Samim Winiger spends a lot of his time playing around with neural networks, primitive artificial brains trained to autonomously run through algorithms for some kind of output, whether image recognition or text generation. In his latest project, he's been working with the Image Captions Network to identify events in videos. If you're scared of the rise of AI, this is the kind of thing that can put your mind at rest for a few years.
Convolutional neural networks work like Google's Deep Dream, processing an image and searching for an object it's been trained to recognize. But in the case of the Generating Captions project, Winiger set it on identifying videos. But the Image Captions Network also has a Recurrent Neural Network designed specifically to generate captions around what it sees in the video.
It's a convoluted explanation, but the output is this:
In other words, it's the sort of thing that's not ready for prime time.

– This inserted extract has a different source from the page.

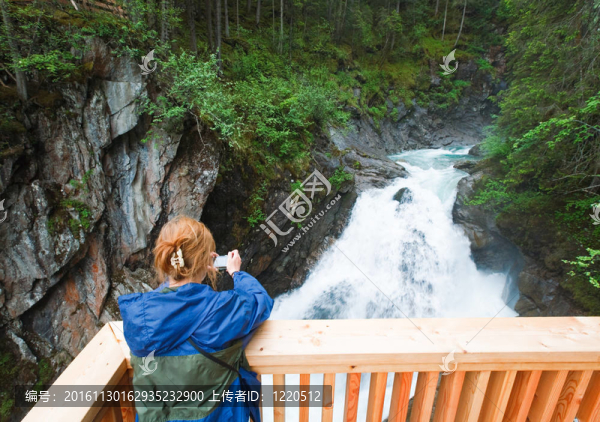 阿爾卑斯山夏季景觀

But as Winiger pointed out in an email to Motherboard, the algorithms are already being used in drones and other methods in surveillance, including military and private sector uses (like insurance claims.)
"'True scene understanding' is a hard problem, and shows the capabilities that we humans have. We can easily pick up on ambiguity and understand meaning," Winiger says. "For machines to reach this level, we have a long way to go."
Winiger is quick to point out that he chose scenes like Yoda on Luke's back during the training in Empire Strikes Back as a sort of inverse of why, say, a TED Talk (another target of Winiger's AI shenanigans) choose only the best examples of videos in demonstrations. In the same way, Winiger chose some of the most challenging.
"This 'blackbox' trend is often observed and leads to wrong perceptions of A.I.," Winiger says. "When designing with intelligent systems, the human creativity is a crucial partner."
In other words, we only think the machines are taking over because it's in the best interest of AI researchers to present the most idealized version of their technology. There still needs to be the guiding hand of a human telling it what it's seeing. Next generation video recognition may well correctly identify Kanye West, but it won't do so without being taught on some fundamental level first.